25.04.2024 - EHLİ SÜNNET MEDYA
Ehli Sünnet Medya

Tevessül Duada Hürmetine istemek

Bir takım kimseler taştan tahtadan yapılan putlar ile alakalı ayetleri gündeme getirip, tevessülle alakalandırıp, tevessülün bir şirk olduğunu söylüyorlar. Daha önce bu ayetlerden önek vermiştim, tapılan putlarla alakalı ayetleri alıyolar Allah için sevilen Allah’ın salih kullarına uyarlamaya çalışıyorlar. Mesela: De ki: “Allah’ı bırakıp da ilah olduğunu ileri sürdüklerinize yalvarın! Onlar sizin sıkıntınızı ne kaldırabilir ne de ferahlığa çevirebilirler.” (Ahzab 56) Ayette tapılan, ilah olarak görülen ve sıkıntıyı giderecek çareyi yaratan olarak görülen Allah’tan başka hiçbir varlığın yaratamayacağı ve böylelikle yardım edemeyeceği ifade ediliyor. Yani konuyla hiç alakası bile yok.

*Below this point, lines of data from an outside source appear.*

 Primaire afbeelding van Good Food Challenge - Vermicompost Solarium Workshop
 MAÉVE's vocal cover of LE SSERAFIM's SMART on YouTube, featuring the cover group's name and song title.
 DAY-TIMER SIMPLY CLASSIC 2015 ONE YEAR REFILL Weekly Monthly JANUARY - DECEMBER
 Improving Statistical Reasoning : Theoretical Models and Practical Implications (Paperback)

Bir de şöyle diyenler var: Allahu Teala buyuruyor ki: “Kullarım sana beni sorduklarında bilsinler ki ben yakınım, bana dua ettiğinde duacının duasına karşılık veririm” buyuruyor, başka bir ayette: “şah damarından daha yakınım” buyuruyor. O halde dua ederken başkasını araya katmaya ne gerek var diyorlar.

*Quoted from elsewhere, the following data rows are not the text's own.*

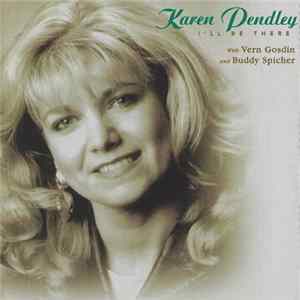 Karen Pendley With Vern Gosdin And Buddy Spicher - I'll Be There Album
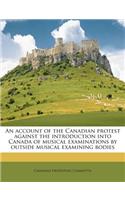 An Account of the Canadian Protest Against the Introduction Into Canada of Musical Examinations by Outside Musical Examining Bodies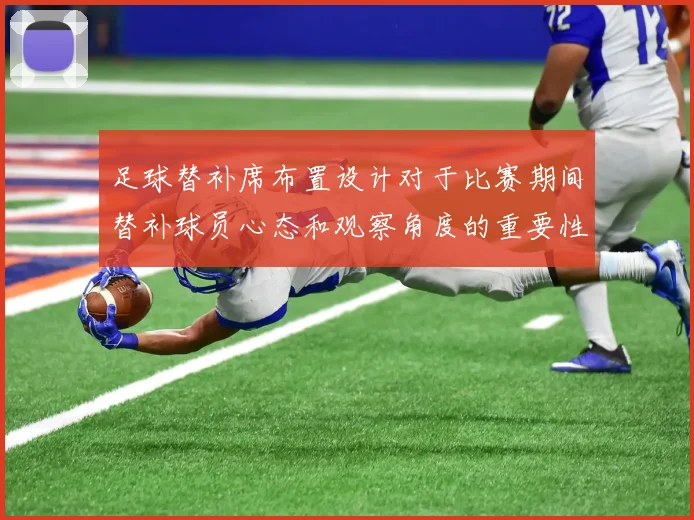 足球替补席布置设计对于比赛期间替补球员心态和观察角度的重要性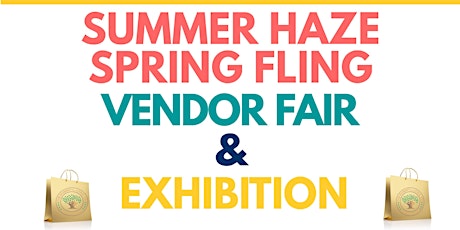 Summer Haze Spring Fling Vendor Fair & Exhibition primary image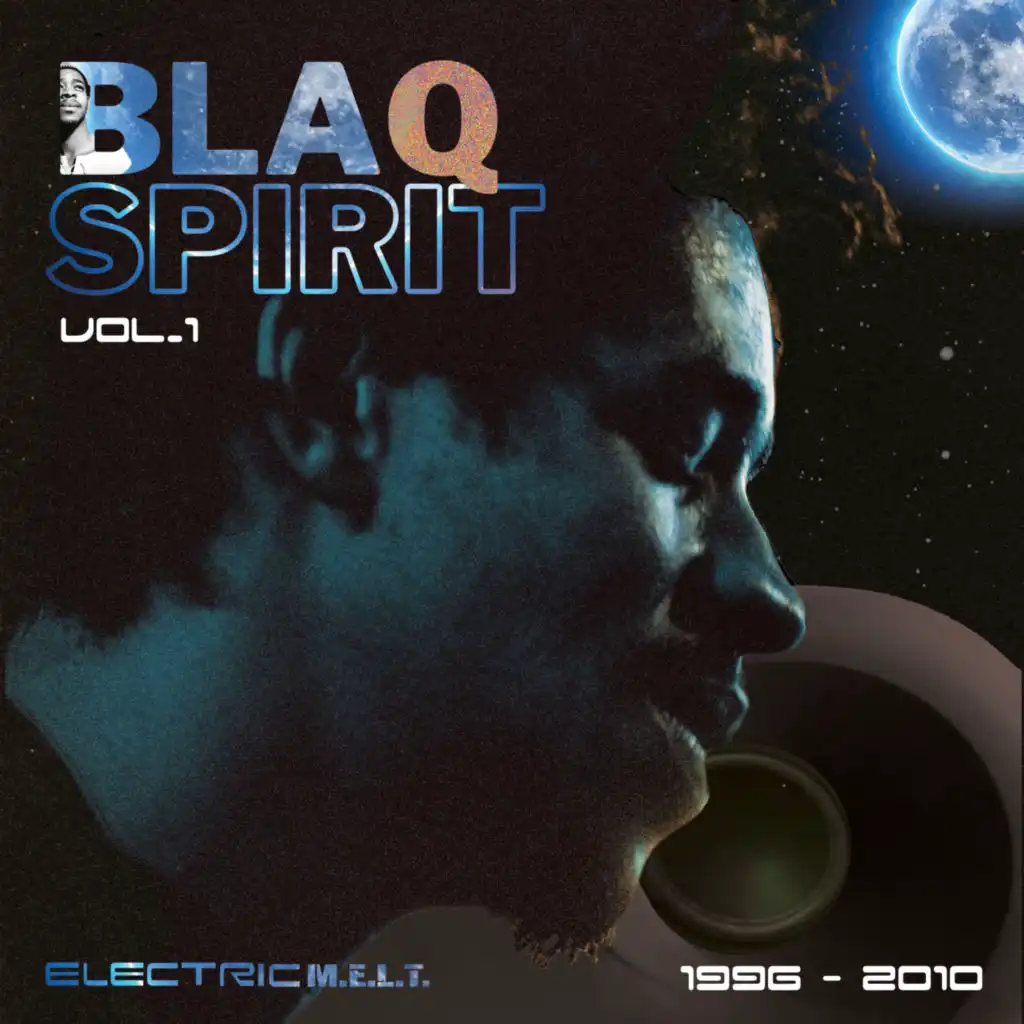 Blaq Spirit ElectricMELT 1996-2010, Vol. 1 (feat. Smith & Mighty & Soul Junky)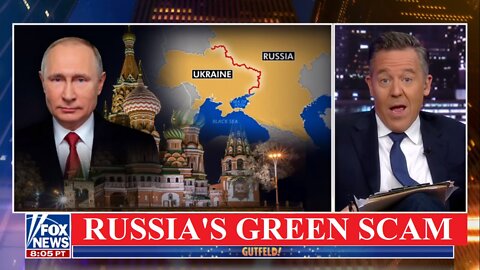 Gutfeld: Russia's green scam | Fox News Shows 3/16/22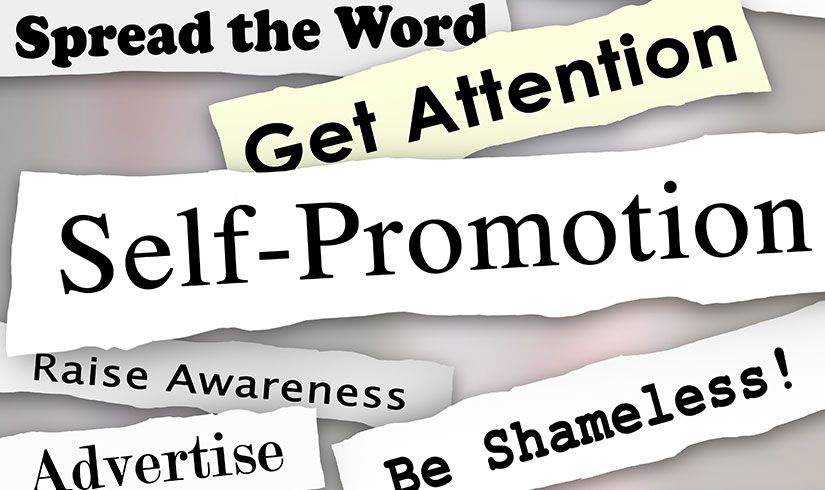 5 Ways To Boost Your Brand With Self Promotion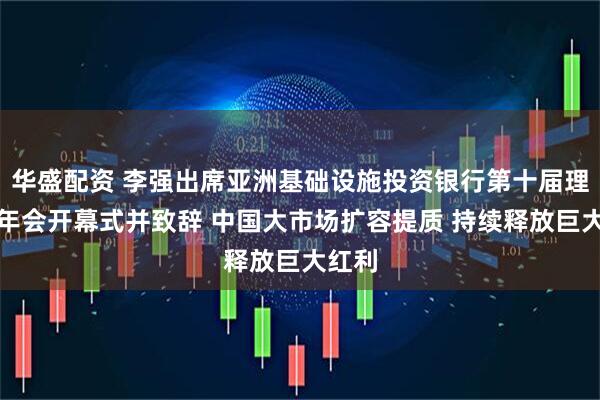 华盛配资 李强出席亚洲基础设施投资银行第十届理事会年会开幕式并致辞 中国大市场扩容提质 持续释放巨大红利
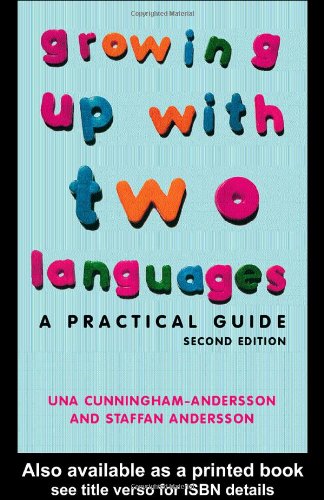 9780415333320: Growing Up With Two Languages: A Practical Guide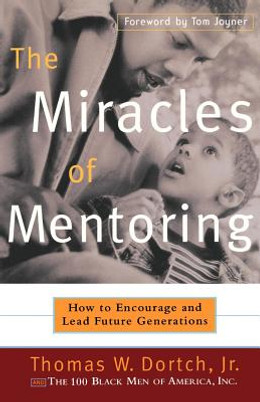 The Miracles of Mentoring: How to Encourage and Lead Future Generations (PB) (1999)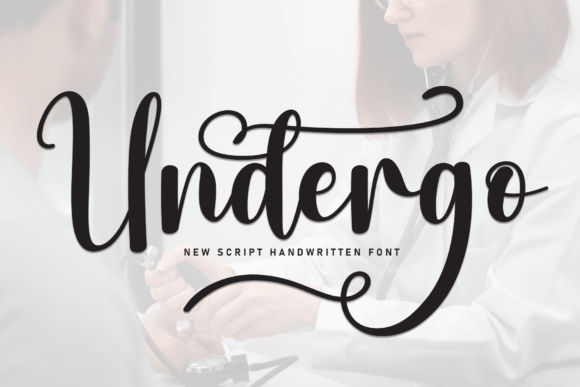 Undergo: The Script Handwritten Font for Modern Branding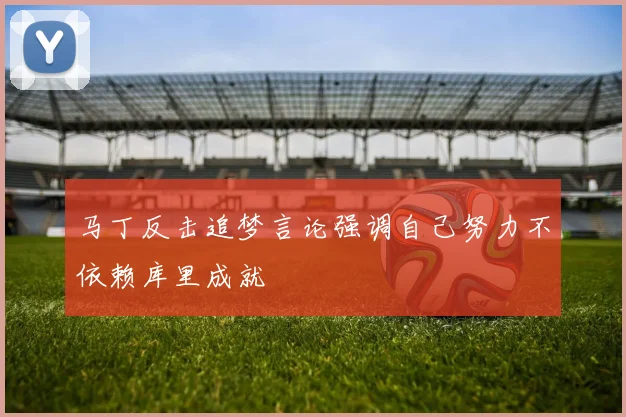 马丁反击追梦言论强调自己努力不依赖库里成就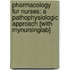 Pharmacology for Nurses: A Pathophysiologic Approach [With Mynursinglab]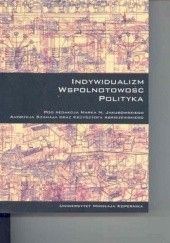 Okładka książki Indywiduazlizm, wspólnotowość, polityka praca zbiorowa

Bu ikisi de çok alakasız. Çünkü Allahu Teala’dan birinin hürmetine istemek farklı bir şey, Allah’ın yakın olması, işitmesi, icabet etmesi farklı bir şey. Biri duanın şekliyle alakalı, diğeri Allah’ın kulunu işitmesi ve kuluna olan yakınlığı ile alakalı. O zaman şunu sorabilirsin: Allah bize o kadar yakınsa neden başka birinin hürmetine dua edeyim?

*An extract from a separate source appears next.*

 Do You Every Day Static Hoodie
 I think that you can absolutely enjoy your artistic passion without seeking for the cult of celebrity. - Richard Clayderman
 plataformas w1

Allah’ın sana yakın olması senin halini bilmesi, başka ayetlerde de geçtiği üzere düşündüğünü ve ne düşüneceğini, kalbinden geçeni, gizlini aşikarını bilmesi, duanı işitmesidir. Allahu Teala kuluna bu derece yakındır peki kul Allah’a yakınlıkta nerede?

Mesela Enfal suresi 2. Ayette geçtiği üzere Allah’ın ayetleri okunurken kalbin titriyor mu, ürperiyor musun? Ra’d suresi 27. Ayette geçtiği üzere kalbin itmi’nana mı kavuştu? Fecr 27. Ayetteki gibi nefsin mutmain mi oldu? Razı olan ve olunan makamı kavuştun? Yok… Daha 4 rekat namaz kılarken kaç rekat kıldım diye şaşırıyorsun, Allah’ın huzurundan başka her yerdesin ve selam verirken namazda olduğunu hatırlıyorsun. Dolayısıyla Allah’ın kuluna yakın olması kulun Allah’a yakınlığını ifade etmiyor.

PEKİ TEVESSÜL HÜRMETİNE İSTEMEK NEDİR?
   Dua ederken, Allah katında değeri olduğuna inandığın salih kullar, acizler, ihtiyarlar, sabiler, hayvanlar hürmetine istemek, duanın kabulü için bunları vesile kılmaktır.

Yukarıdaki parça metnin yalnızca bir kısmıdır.